My roommate and dear friend started studying tarot and oracle cards this summer, so no matter how lazy my efforts were, they didn’t work. Crystals, sage, and oracle cards fill our shared room, and she assures me everything is safe and untainted; I had nothing to fear, but the thought of disrespecting these energies still scare me. Even if my roommate’s interest in these arts is a coincidence, it still felt like something, somewhere, was trying to tell me something. I was just terrified to listen.
She asked me if I wanted a reading, and I was honest. I was scared, but intrigued. She assured me absolutely nothing bad or evil was going to happen, as she was going to do a Goddess card reading. Harmless. She even sage-ed the room for extra security.
I think part of my fear comes from facing the reality of self-reflection.
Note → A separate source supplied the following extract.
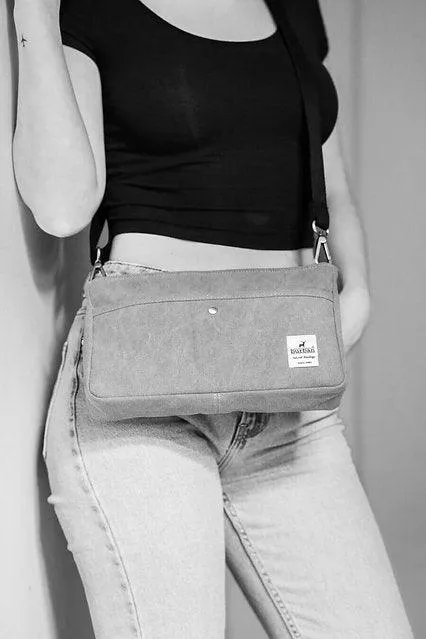 Tour Crossbody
It’s easy to ignore the problems we face in our minds, but when these forces lay out where we should improve right in front of us, it is harder to ignore. Spiritual or not, everyone can gain something from taking a second to listen to advice and guidance that is meant to heal, not harm. Part of my fear also stems from a lack of knowledge in the area. Were the cards just going to mysteriously find a way to tell me my biggest fears? “Yes, Mehrnaz, all your friends do secretly hate you. Yes, Mehrnaz, your nose is too big. Everyone is lying to you!!”. Ignoring the truth is easier than facing it.
Still scared, we started my reading. After following the preliminary steps, it was time for me to choose my cards. I felt lightheaded and my heart was pounding. Honestly, I almost cried. If I haven’t made it clear, I am terrified of facing my problems– how charming! My roommate laid out the cards I had chosen.
My first Goddess card read Cordelia. Under her name, two simple words: Go Outside.
Now, don’t get me wrong– I love a good joke. But Cordelia really just did me dirty. Do I stay in my room as much as humanly possible? Yes. Are their days, weekends even, I don’t leave my apartment? Yes. Do I feel so much better when I actually leave the house? Yes. But do I want to hear that? No! Both my roommate and I gasped when we saw the card, because we both knew Cordelia was spitting the hard truth. I really am morphing into a hermit, but I didn’t think it was something the all great, powerful Goddesses would notice. All I will say is my faith in the power of oracles are only stronger, and they are not afraid to be brutally, almost humorously honest. My fears melted away and I realized not to take the reading so seriously. Maybe Cordelia knew she would make me laugh and lessen my nerves, or maybe it was a coincidence. Either way, I’m currently writing this in a coffee shop rather than curled up in my bed. I suppose that’s some sort of progress.